“Cerebral palsy” is the medical term for a group of conditions that involve musculoskeletal impairment from brain damage. Cerebral palsy is a neuromuscular condition, but it does not entail a specific set of symptoms. No two children who develop cerebral palsy will have the same experiences or struggle with the same symptoms.
While some children learn to manage their symptoms with consistent treatment and rehabilitative therapies, some will struggle with permanent disabilities from cerebral palsy.
Medical professionals can treat the symptoms of cerebral palsy and help a child with the condition manage his or her secondary symptoms, but the brain damage itself is irreversible and uncurable. Every child with cerebral palsy will experience the condition differently, and parents should prepare for a wide range of unpredictable symptoms.
Types of Cerebral Palsy
Cerebral palsy does not define a specific set of symptoms; it is a blanket term for a wide range of neuromuscular symptoms resulting from brain damage sustained before, during, or shortly after childbirth. Any type of brain damage can potentially cause cerebral palsy, including brain damage from physical trauma, infection, or oxygen deprivation.
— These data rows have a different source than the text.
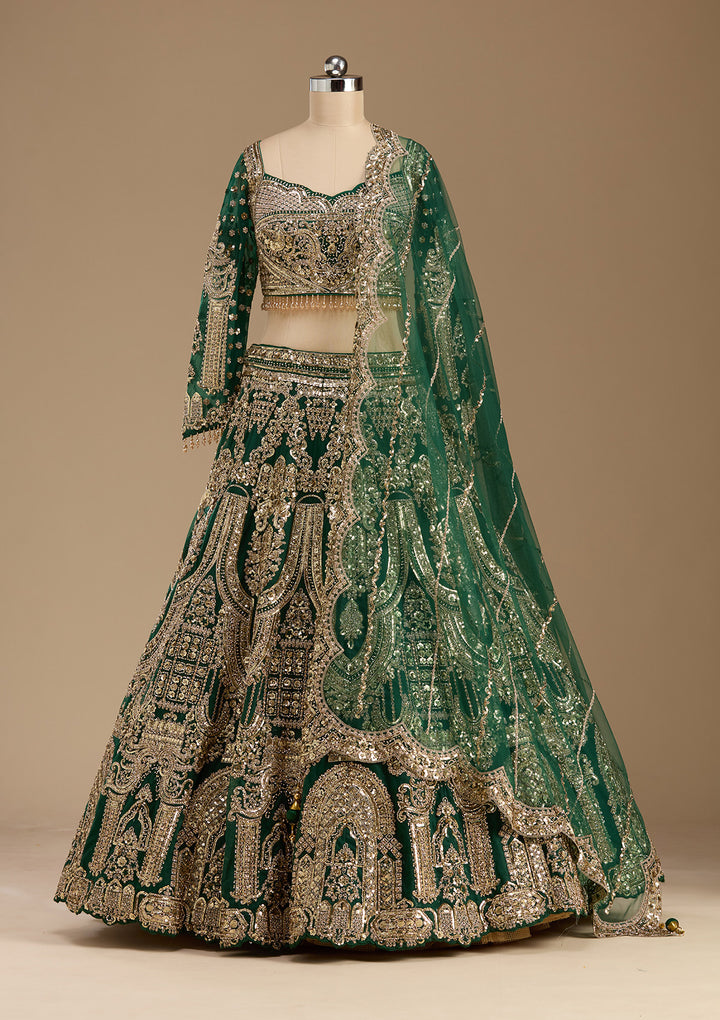 Bottle Green Sequins Net Readymade Lehenga
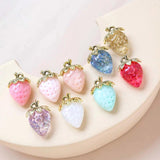 5 Acrylic Strawberry Pendants DIY Jewelry Making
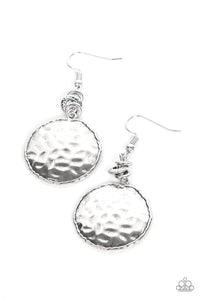 PREHISTORIC PERFECTION - SILVER HAMMERED CIRCLE EARRINGS - PAPARAZZI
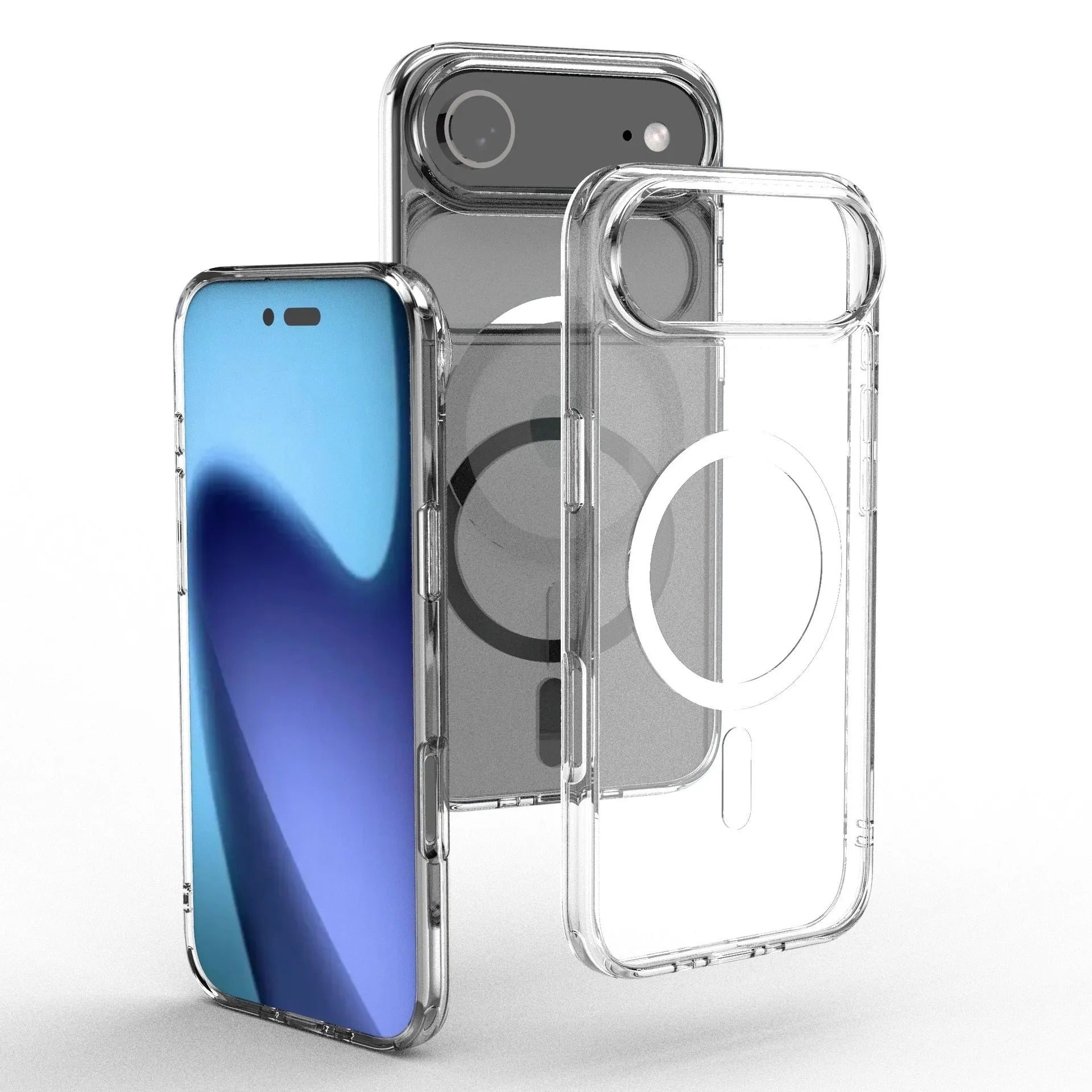 Transparent magnetic protective case for iPhone 17 models on a white background.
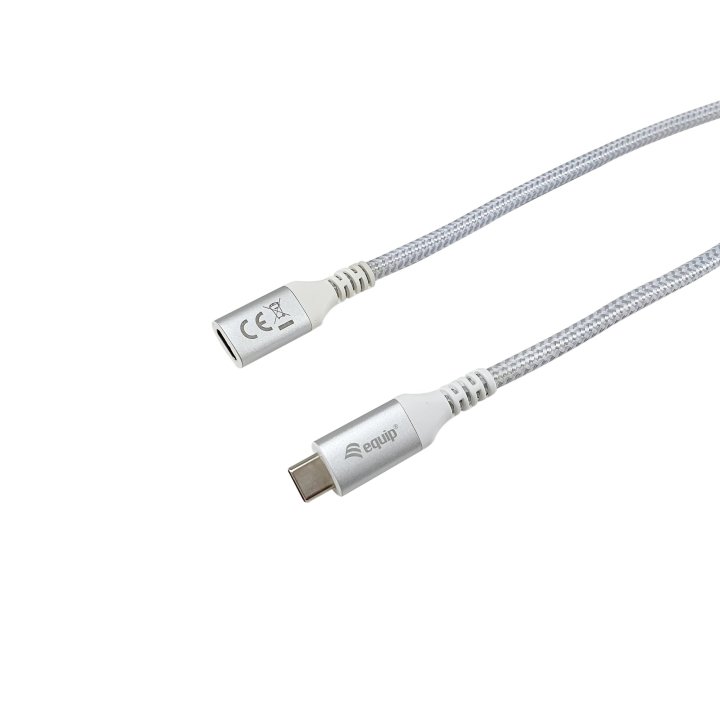 Cable Alargo Usb-c Macho Usb-c Hembra Usb 3.2 Gen 2 1m Transferencia 10g 4k  Carcasa Aluminio  Algodon Trenzado Blanco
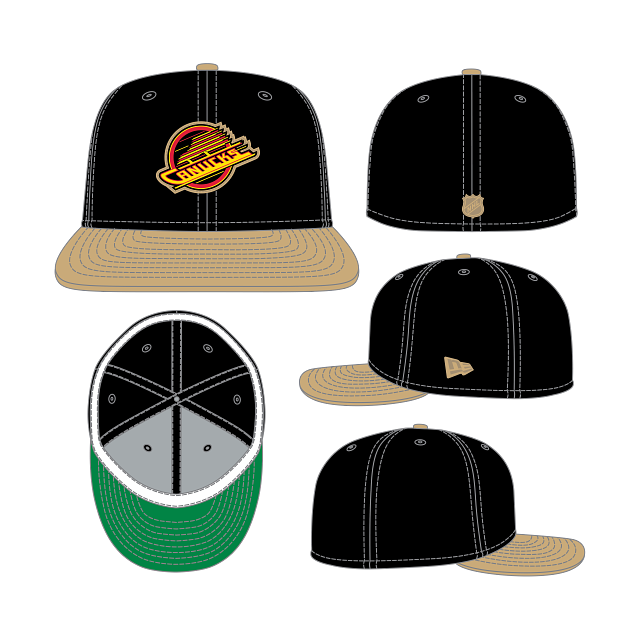 Vancouver Canucks NHL New Era Men Black/Beige 59Fifty Leather Fitted Hat product image 1, provided for visual reference and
Medical professionals categorize cerebral palsy into four main categories, but it is vital for parents of children with cerebral palsy to remember that many children with this condition struggle with more than one type of cerebral palsy, and the type of cerebral palsy a child has does not directly inform the symptoms and/or disabilities he or she will face later in life.
- Spastic cerebral palsy is the most common type of this condition, typically manifesting symptoms in about 70% of children with cerebral palsy. The main neuromuscular symptoms of spastic cerebral palsy include irregular muscle development, hypertonia (increased muscle tone), and muscle stiffness. Spastic cerebral palsy could potentially prevent a child with this type of cerebral palsy from using his or her limbs. If this condition affects all four limbs, it may qualify as spastic quadriplegia.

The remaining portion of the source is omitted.